- [DATA BLOCK]:

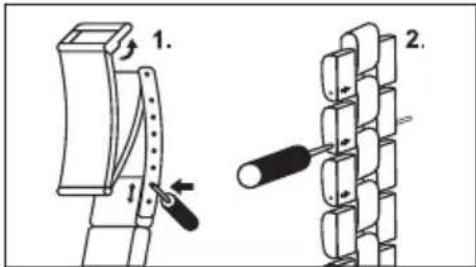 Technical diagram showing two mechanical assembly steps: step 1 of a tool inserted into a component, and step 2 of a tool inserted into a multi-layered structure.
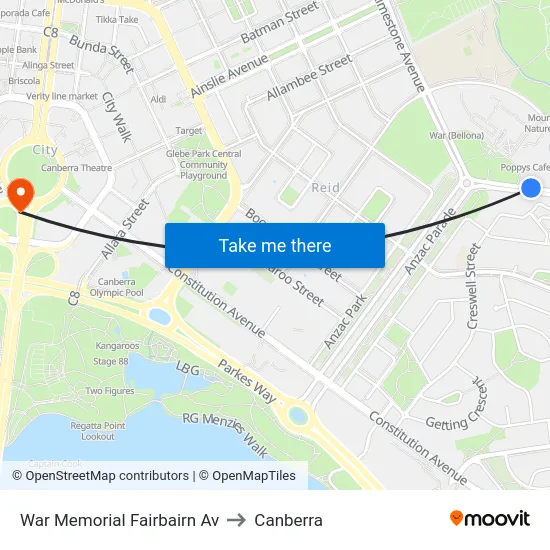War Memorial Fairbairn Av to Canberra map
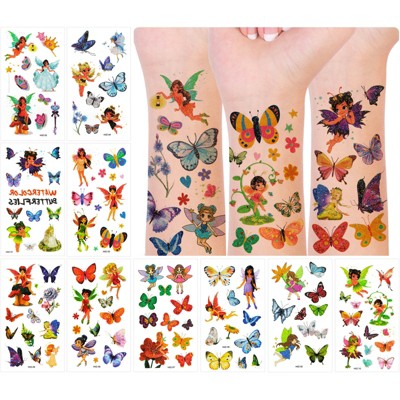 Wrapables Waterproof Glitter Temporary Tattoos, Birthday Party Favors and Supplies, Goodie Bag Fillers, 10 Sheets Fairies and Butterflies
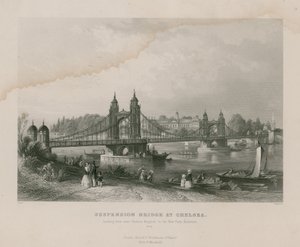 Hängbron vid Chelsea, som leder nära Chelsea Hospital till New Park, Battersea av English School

- [WHAT YOU WILL DO]: Repeat the data in full and exactly. Omit pictures.

- [SOLVED EXERCISE]:
 Technical diagram showing two mechanical assembly steps: step 1 of a tool inserted into a component, and step 2 of a tool inserted into a multi-layered structure.
War Memorial Fairbairn Av to Canberra map
 Wrapables Waterproof Glitter Temporary Tattoos, Birthday Party Favors and Supplies, Goodie Bag Fillers, 10 Sheets Fairies and Butterflies
 Hängbron vid Chelsea, som leder nära Chelsea Hospital till New Park, Battersea av English School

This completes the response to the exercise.